Automotive è anche welfare aziendale
L’elettrico è certamente un’opportunità e le politiche degli ultimi tempi sono volte ad aumentare la quota di veicoli elettrici innanzitutto partendo dai mezzi pubblici. Siccome la ratio in termini ambientali oggi è anche quella di non cambiare l’auto troppo spesso, tra le pratiche funzionali emergono quelle del noleggio e del leasing. Le aziende che si occupano di noleggio possono ovviamente offrire veicoli non inquinanti e l’uso di automobili di ultima generazione a lungo termine può favorirsi peraltro tramite il welfare aziendale. Ma per far questo è necessaria una efficace politica fiscale di detrazioni e deduzioni per le imprese che vogliano offrirle ai loro dipendenti. Sullo specifico punto l’Italia è indietro, visto che, come fa notare Alessio Casonato, Direttore Commerciale di Agenzia Italia, per quanto riguarda i modelli nuovi, le macchine aziendali rappresentano il 30% sul mercato mentre in altri mercati europei raggiungono anche il 60%. Sul piano generale, poi, va notato che negli ultimi 20 anni i salari italiani sono cresciuti in media solo del 9%, mentre il valore medio di un auto su listino, oggi un bene sempre più durevole, del 50-60%.
Non solo elettrico
Noleggiare un’auto elettrica è meno costoso e alimentarla pesa meno sulle tasche. Un pieno si fa con 22 euro circa. Errato però pensare che il motore termico sparirà e molto probabilmente lo stop dell’Ue alla produzione di auto a motore dal 2035 verrà rimandato. Come i produttori hanno compreso, difficilmente tutte le esigenze nei trasporti saranno soddisfatte solo dai mezzi elettrici, ecco perché si pensa anche a far affermare il motore endotermico e a rendere le macchine a motore sempre meno inquinanti. Un obiettivo che l’Europa è assolutamente in grado di perseguire, visti gli ottimi risultati che si stanno avendo da 20 anni a questa parte.
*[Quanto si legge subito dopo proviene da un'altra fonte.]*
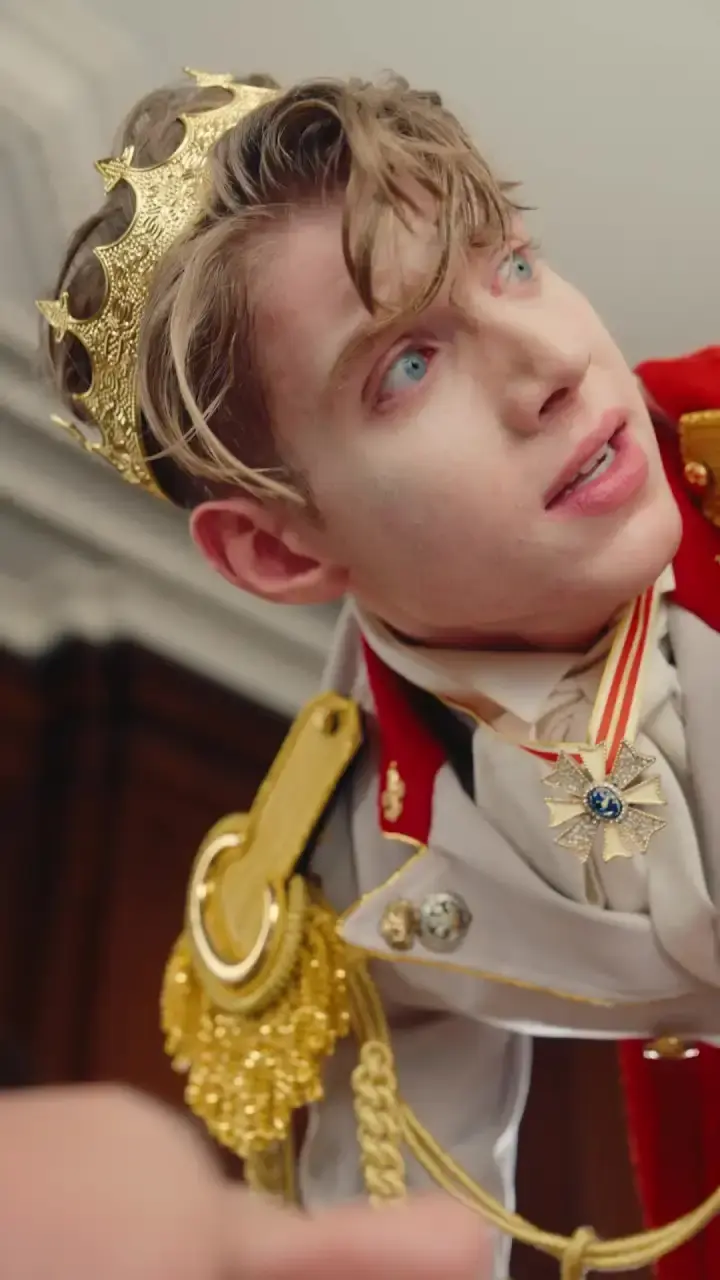 Episode 10 of The Prince's First Love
Gli automobilisti sono peraltro consapevoli che la mobilità elettrica ha il rovescio della medaglia; se è più economica lascia però minore autonomia nelle percorrenze. L’ancora palpabile refrattarietà sarebbe dunque da imputare a qualche disagio in più da calcolare e la poco disponibilità di colonnine. Molto reale, peraltro, al momento, la preoccupazione per i costi e per i metodi di estrazione che sono anch’essi molto impattanti, anche se poi verrebbero bilanciati dall’abbattimento delle emissioni in tutto il periodo in cui si utilizza il mezzo.
Dunque che fare? Il ruolo del pubblico secondo Simiani
Un bilancio effettivo tra costi e benefici forse è complesso da fare con la pretesa di oggettività, ma dipende dallo stile di vita e dalle esigenze di ogni singolo cittadino, in base a dove vive e di come deve utilizzare il suo tempo. Nel quadro dell’abbattimento dell’inquinamento dell’aria va considerato anche tutto il comparto pubblico e delle utilities. Ne ha parlato a Largo Chigi il il deputato del Pd Marco Simiani: «Il concetto di proprietà dell’auto oggi è cambiato. E il meccanismo di incentivo per le auto elettriche deve tenerne conto e, anzi, assecondarlo. La priorità delle famiglie oggi è la liquidità, per cui l’acquisto tradizionale dell’auto, considerandone i costi, non conviene più. Il noleggio a lungo termine è la soluzione più compatibile compatibile con le nuove esigenze economiche e con quelle ambientali. «Gli incentivi devono consentire anche un rapido e facile ricambio non solo delle auto private, ma anche dei veicoli legati alle pubbliche utilities, penso alla raccolta rifiuti, alle forze dell’ordine, e non solo. Senza naturalmente dimenticare le auto di proprietà, purché sia tutto green».